Records to use:
BEGIN

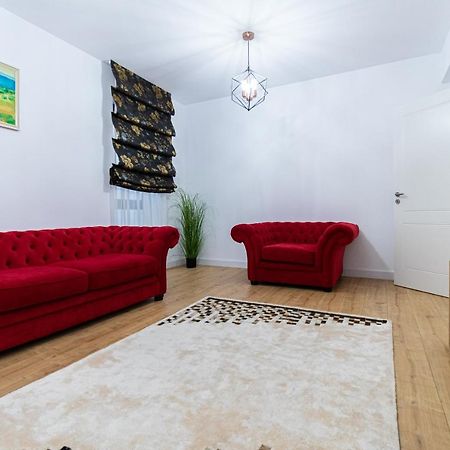 ブラショフLighthouse Central Apt With Unique Views Of The Fortress, Free Parking, 5 Min By Car From The Old Townアパートメント エクステリア 写真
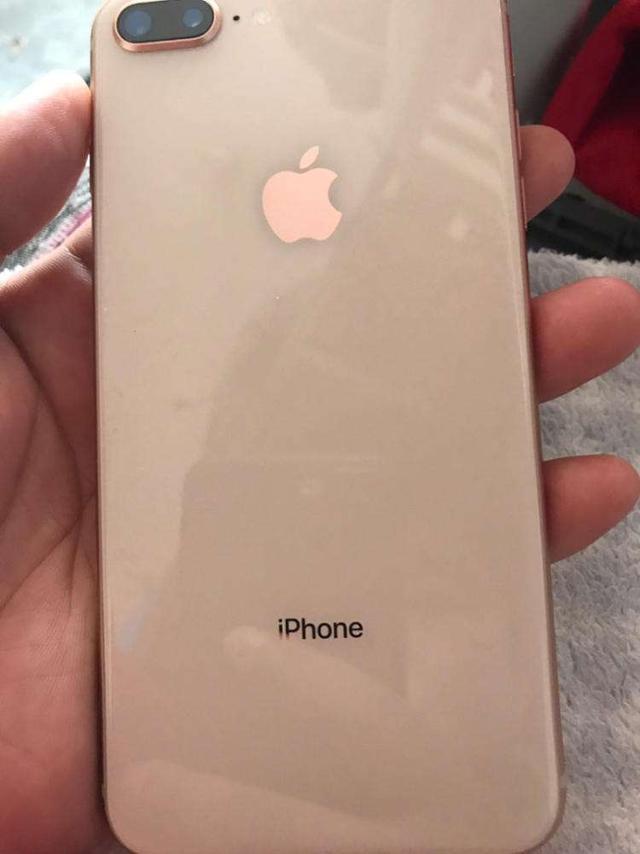 上手2499元的iPhone8plus后，我想扔了iPhoneX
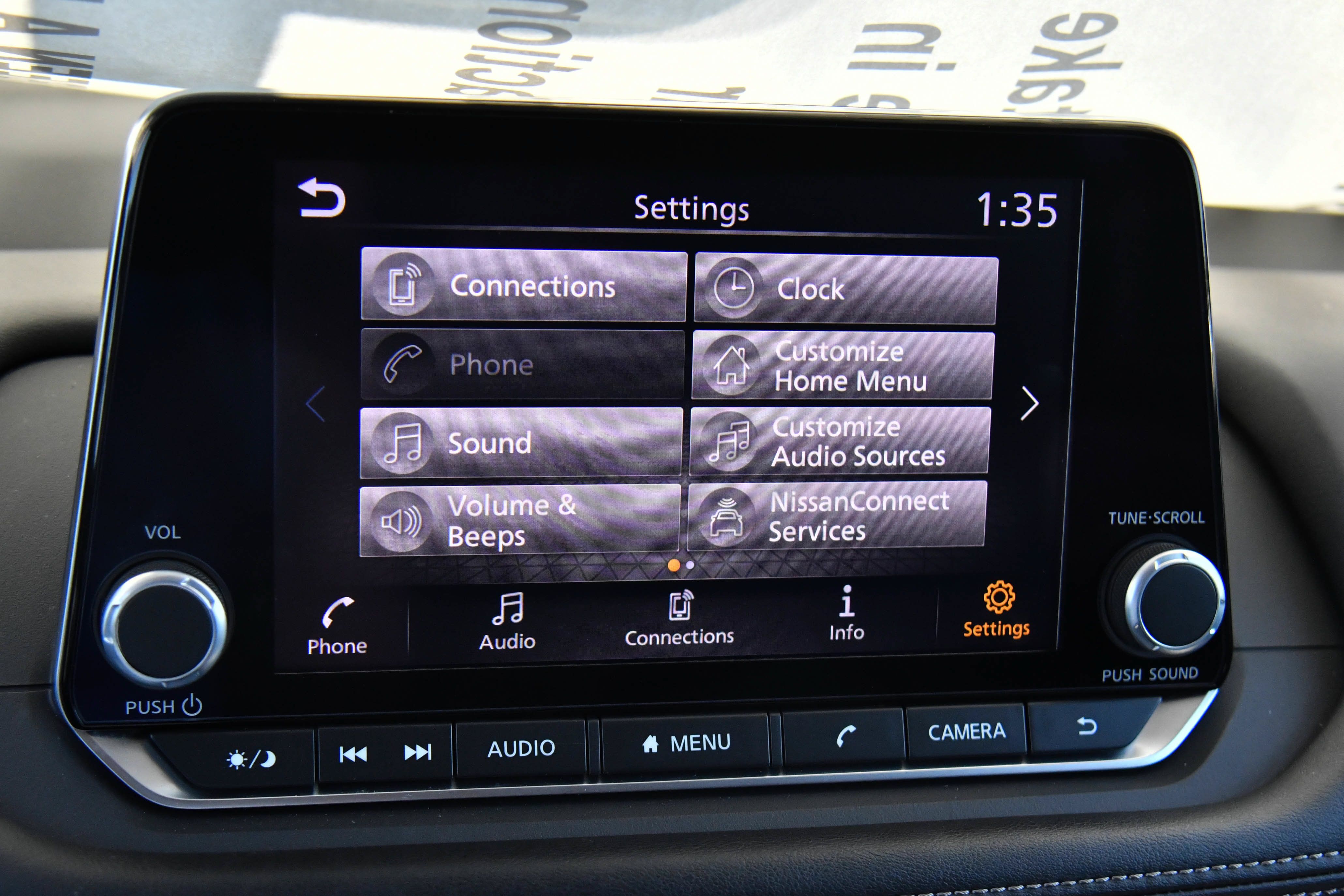 Used 2025 Nissan Rogue SV AWD/4WD image 21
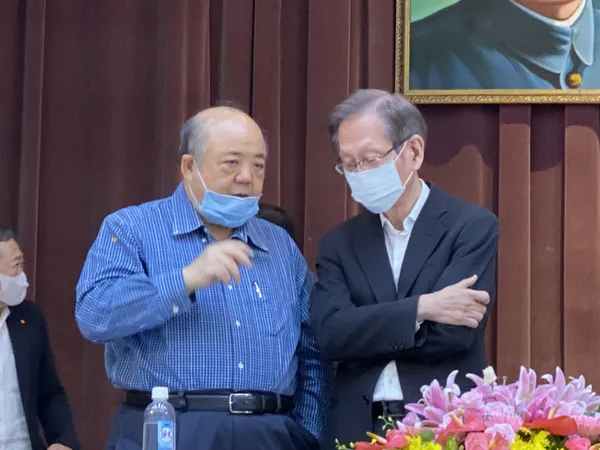 華碩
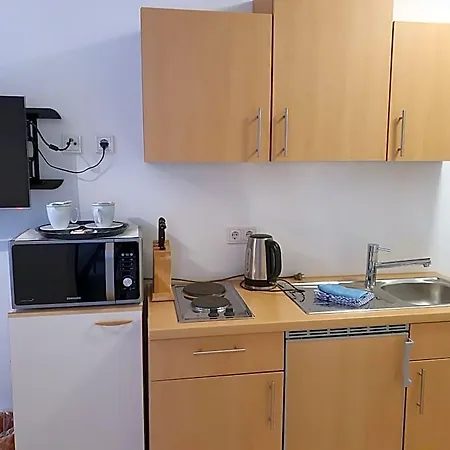 Gaestehaus Altstadttraum מלון 3*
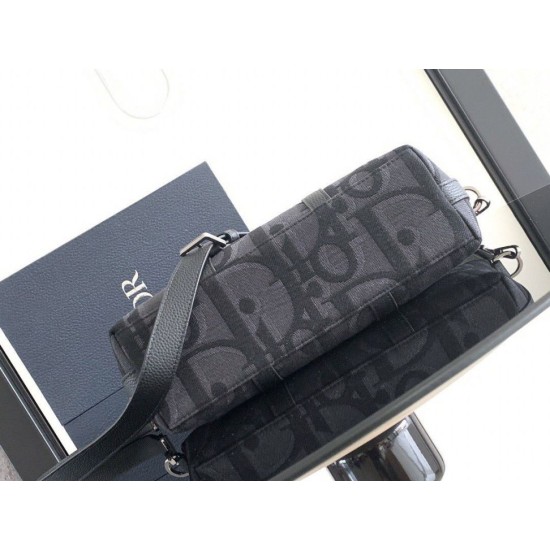 Replica Dior Weekender 25 Bag Black Maxi Dior Oblique Jacquard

END

What the task asks:
Repeat the records above exactly, from the first line through the line that contains "Gaestehaus Altstadttraum מלון 3*", and leave out the pictures.

Answer box:
 ブラショフLighthouse Central Apt With Unique Views Of The Fortress, Free Parking, 5 Min By Car From The Old Townアパートメント エクステリア 写真
 上手2499元的iPhone8plus后，我想扔了iPhoneX
 Used 2025 Nissan Rogue SV AWD/4WD image 21
 華碩
 Gaestehaus Altstadttraum מלון 3*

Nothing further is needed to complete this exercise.